→ **YOUR GOAL**:
Reproduce every record verbatim but drop the pictures.

→ **DATA FOR THIS TASK**:
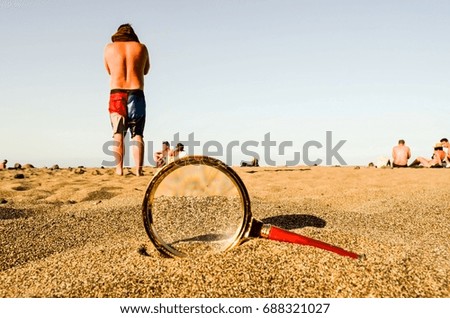 Photo Picture of a Loupe Magnify Glass on the Sand Beach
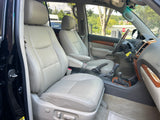 Spacious car interior with light leather seats, wood trim, and dashboard. Ready for an adventure or part of your RV rental fleet.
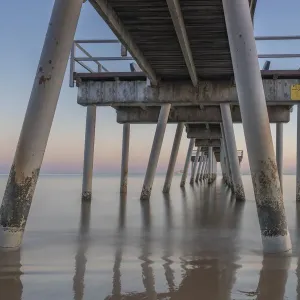 Water flowing under a jetty at Sunrise in Hervey Bay Water flowing under a jetty at Sunrise in Hervey Bay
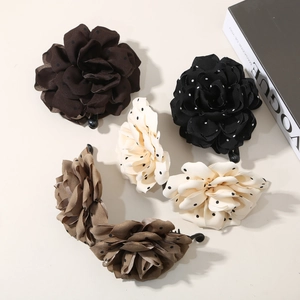 Elegant floral banana hair clips with polka dot patterns in multiple colors and textures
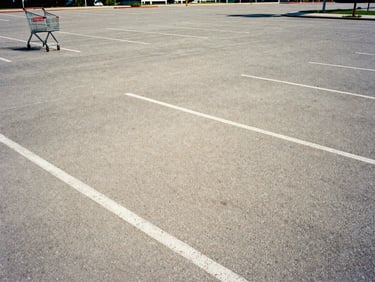 Empty parking lot at midday in hard summer sun, early 2000s, digital grain, a lone shopping cart at the far edge, flat harsh shadows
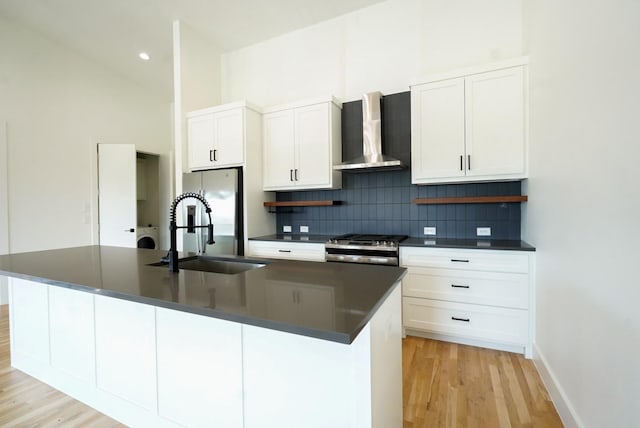 kitchen with stainless steel appliances, a kitchen island with sink, wall chimney exhaust hood, and sink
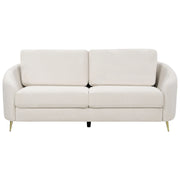 Divano 3 posti in tessuto beige chiaro con piedi dorati curve morbide stile glamour elegante soggiorno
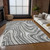 9' X 12' Gray Charcoal And Ivory Abstract Washable Indoor Outdoor Area Rug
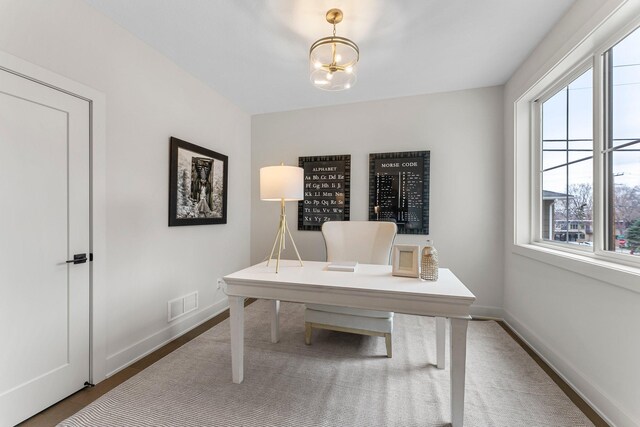 5012 Hankerson Ave, Edina, MN 55436 - home office featuring healthy amount of natural light and a chandelier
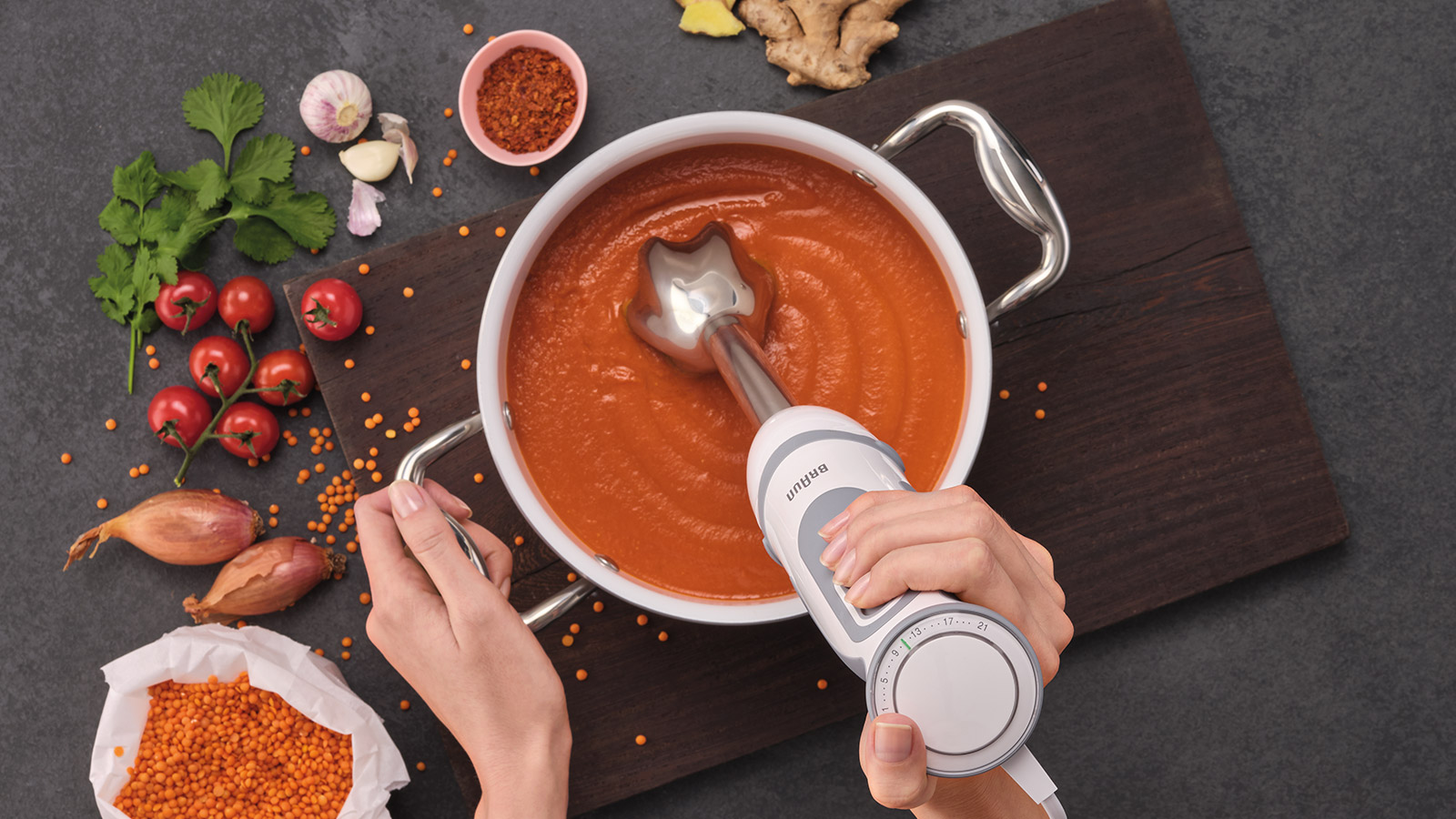 A person's hands using a stick blender in a pot of orange soup, with ingredients like tomatoes.
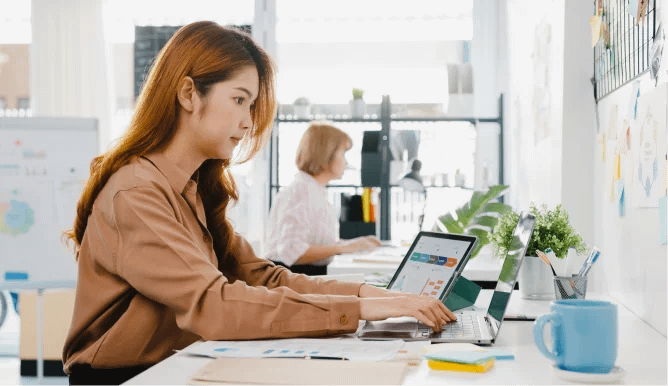 woman working on her laptop in the office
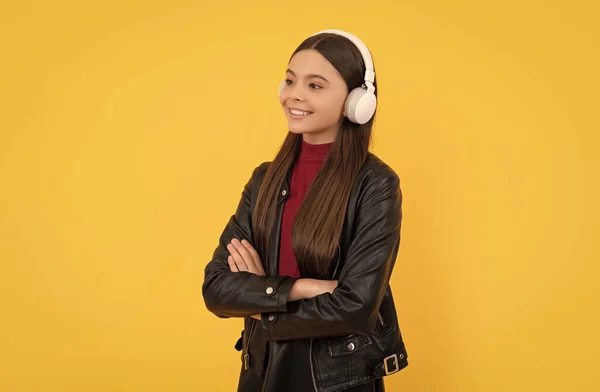 明るい10代の女の子は黄色の背景にヘッドフォンで音楽を聞きます ラーニング — ストック写真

→ **RESULT FOR THIS EXERCISE**:
 Photo Picture of a Loupe Magnify Glass on the Sand Beach
 Spacious car interior with light leather seats, wood trim, and dashboard. Ready for an adventure or part of your RV rental fleet.
 Water flowing under a jetty at Sunrise in Hervey Bay Water flowing under a jetty at Sunrise in Hervey Bay
 Elegant floral banana hair clips with polka dot patterns in multiple colors and textures
 Empty parking lot at midday in hard summer sun, early 2000s, digital grain, a lone shopping cart at the far edge, flat harsh shadows
 kitchen with stainless steel appliances, a kitchen island with sink, wall chimney exhaust hood, and sink
 Divano 3 posti in tessuto beige chiaro con piedi dorati curve morbide stile glamour elegante soggiorno
 9' X 12' Gray Charcoal And Ivory Abstract Washable Indoor Outdoor Area Rug
 5012 Hankerson Ave, Edina, MN 55436 - home office featuring healthy amount of natural light and a chandelier
 A person's hands using a stick blender in a pot of orange soup, with ingredients like tomatoes.
 woman working on her laptop in the office
 明るい10代の女の子は黄色の背景にヘッドフォンで音楽を聞きます ラーニング — ストック写真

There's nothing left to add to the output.